* _TRY IT_: No picture should appear in the copy. Transcribe exactly, and only, the lines from the one with "Arona Vista Panoramica Apartment" through the last line of the data below.

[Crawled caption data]
# # # #
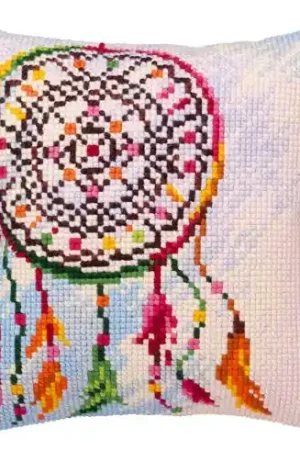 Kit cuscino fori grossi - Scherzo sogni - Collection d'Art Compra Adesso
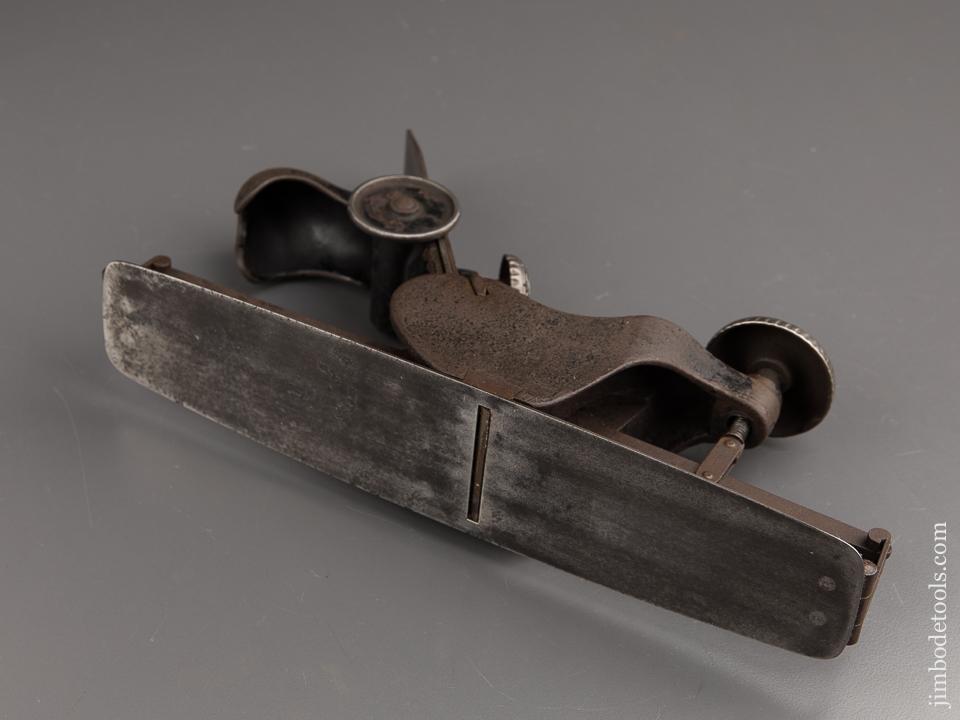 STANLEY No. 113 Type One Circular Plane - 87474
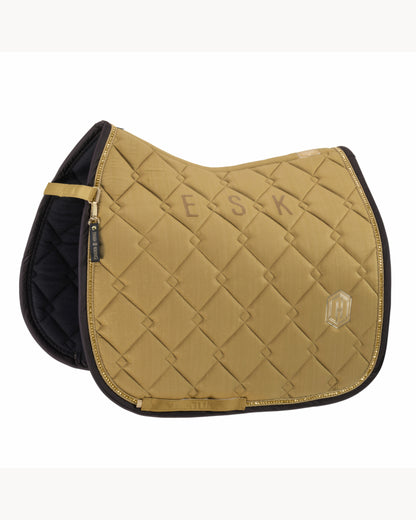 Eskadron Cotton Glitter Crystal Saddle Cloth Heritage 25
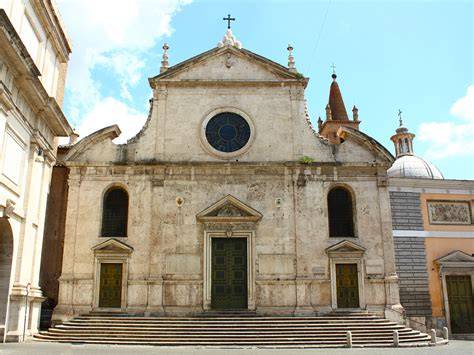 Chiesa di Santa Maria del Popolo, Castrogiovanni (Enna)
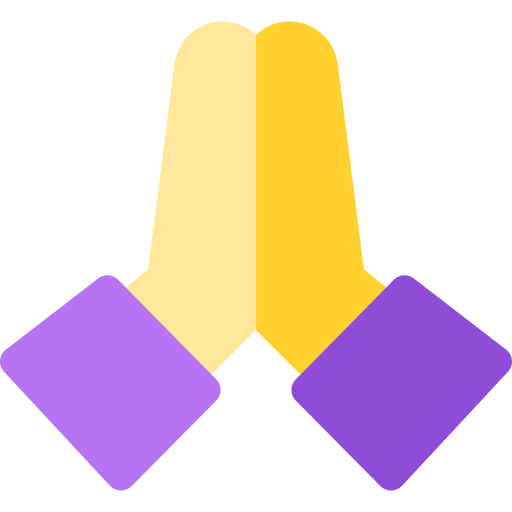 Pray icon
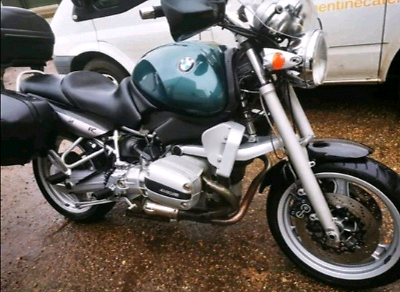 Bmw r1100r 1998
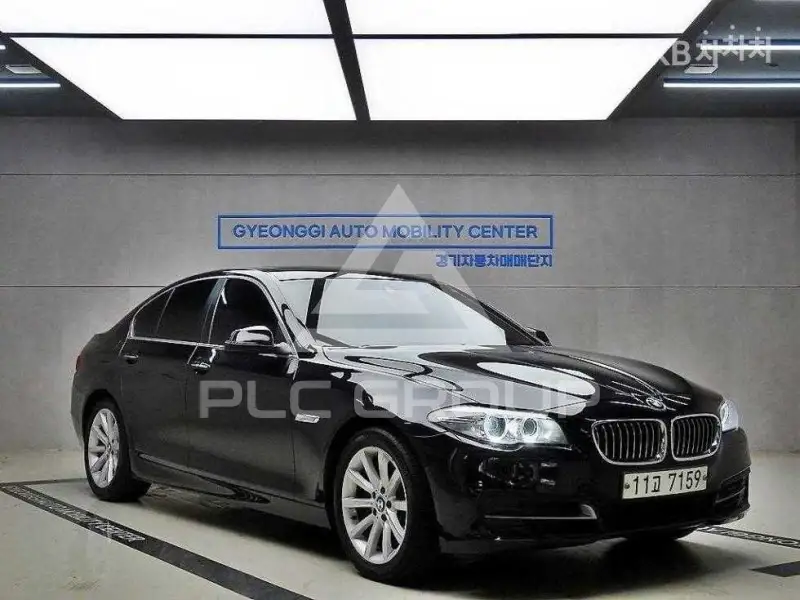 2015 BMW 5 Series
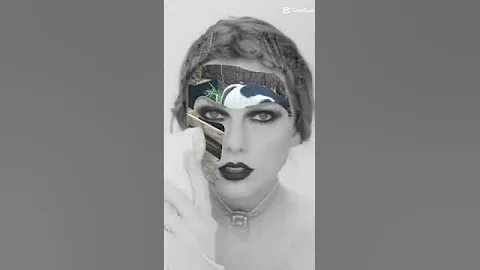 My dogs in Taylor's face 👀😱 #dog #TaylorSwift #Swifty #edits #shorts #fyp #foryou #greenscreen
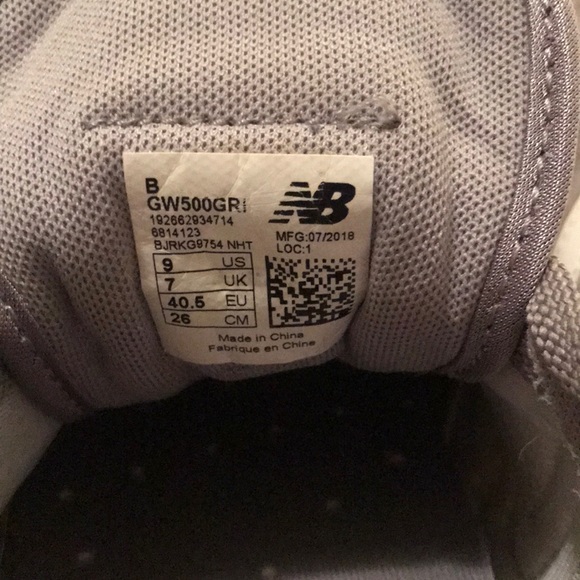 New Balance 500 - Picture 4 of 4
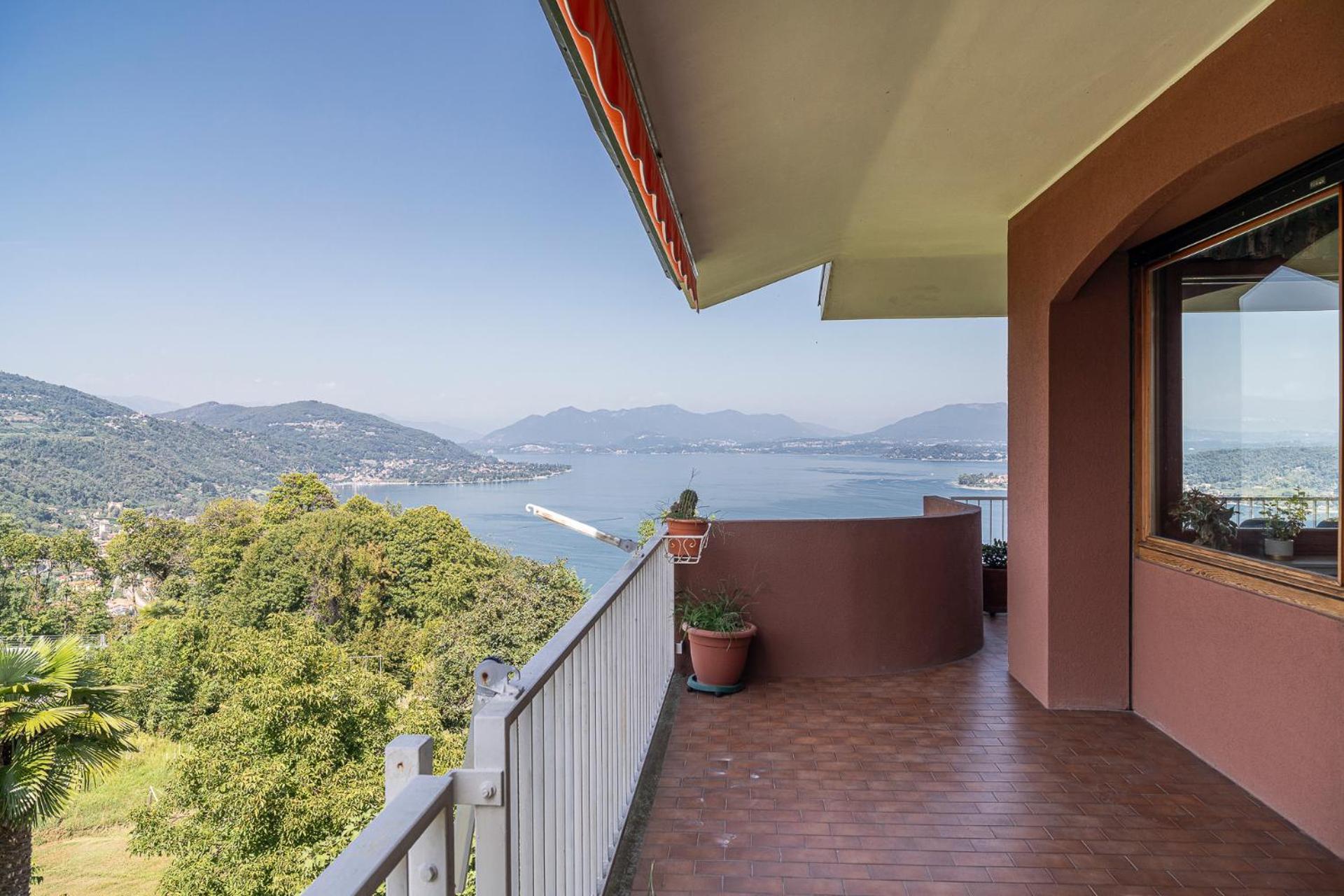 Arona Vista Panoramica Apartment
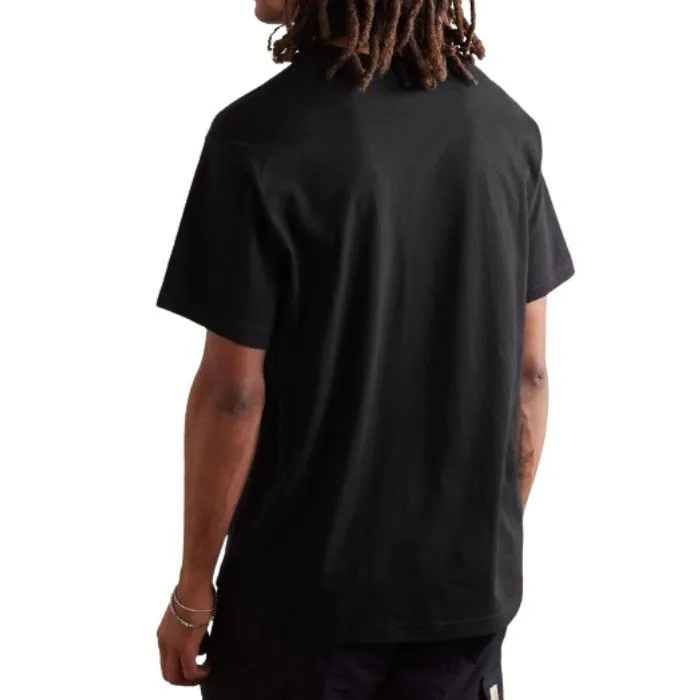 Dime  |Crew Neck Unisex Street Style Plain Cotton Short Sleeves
# # # #
* _RESULT_:
 Arona Vista Panoramica Apartment
 Dime  |Crew Neck Unisex Street Style Plain Cotton Short Sleeves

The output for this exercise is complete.